Matt S: I read a lot about how this additional content is being shaped by player feedback. How is the team balancing out their own ideas and sense of creativity with this desire to listen to fan feedback?
Hajime T: The origin for these ideas are based on “what the development team wants to make” balanced by “the things we’d like to deliver to our fans.” The dev team no doubt, pours out a lot of ideas in this regard. However, most of the time we do take into consideration the requests of players when we decide on which ideas we’re going to prioritise and execute. In the case of the additional releases which we never intended on in the beginning, these were totally born from our desire to respond to players feedback, which we were able to realise by somehow finding the right business solution for these needs.
Matt S: Over the past year, Final Fantasy XV has become quite the expanded universe, with mobile games, a free-to-play beat-em-up on console, the film and anime, the base game itself, and all this additional DLC. From a creative point of view, what are the benefits to the development team in working on a single game franchise in this way?
Hajime T: There are three merits for us.
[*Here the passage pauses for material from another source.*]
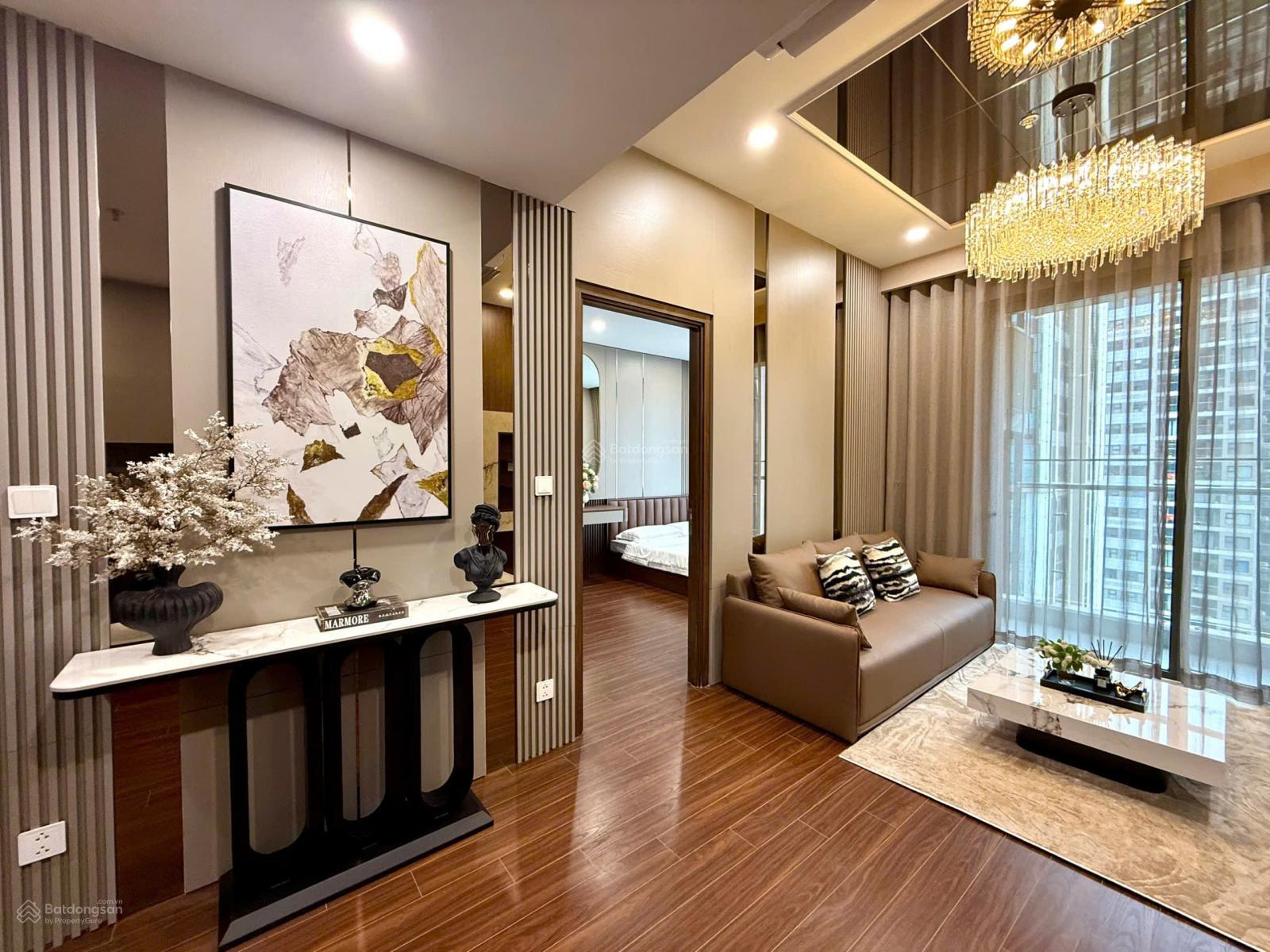 Chính chủ bán căn hộ tòa Masteri Waterfront, Sẵn sổ, hỗ trợ vay ngân hàng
One is we are able to create various connection or entry points for many players, both existing players and new. The second is, by rolling out a variety of contents, we are able to collectively strengthen the IP. And the third is, we are able to acquire vast amounts of knowledge and experience that we otherwise wouldn’t possess.
Matt S: Looking ahead, there’s a multiplayer mode on the way to Final Fantasy XV. Why do you see this as a necessary addition to a game that has previously been exclusively single player?
Hajime T: We wanted to offer players an experience they could replay and revisit, allowing them to keep playing for a long time. For Comrades it’s not simply a separate mode, but also a way to draw more depth from the main game’s story too. It’s essentially the same idea as the many games that come with a campaign mode and multiplayer mode.
Matt S: I’ve a similar question regarding Monsters of the Deep: As much as I love the fishing in Final Fantasy XV, that minigame was quite distinct to the main quest. How do you see the VR version of fishing contributing to the overall patchwork in Final Fantasy XV?
Hajime T: This was the first VR game development that the FFXV team undertook. While it was extremely valuable to experience VR development at this stage, I didn’t want to extend the development period more than necessary. Therefore, we decided to release a game whose development period could be kept within a one-year span. The reason why we chose fishing as the main game element was that we would be able to develop it under a year, it would be a natural extension of the world of FFXV, and also because it would be an appropriate subject to experience in the medium of VR.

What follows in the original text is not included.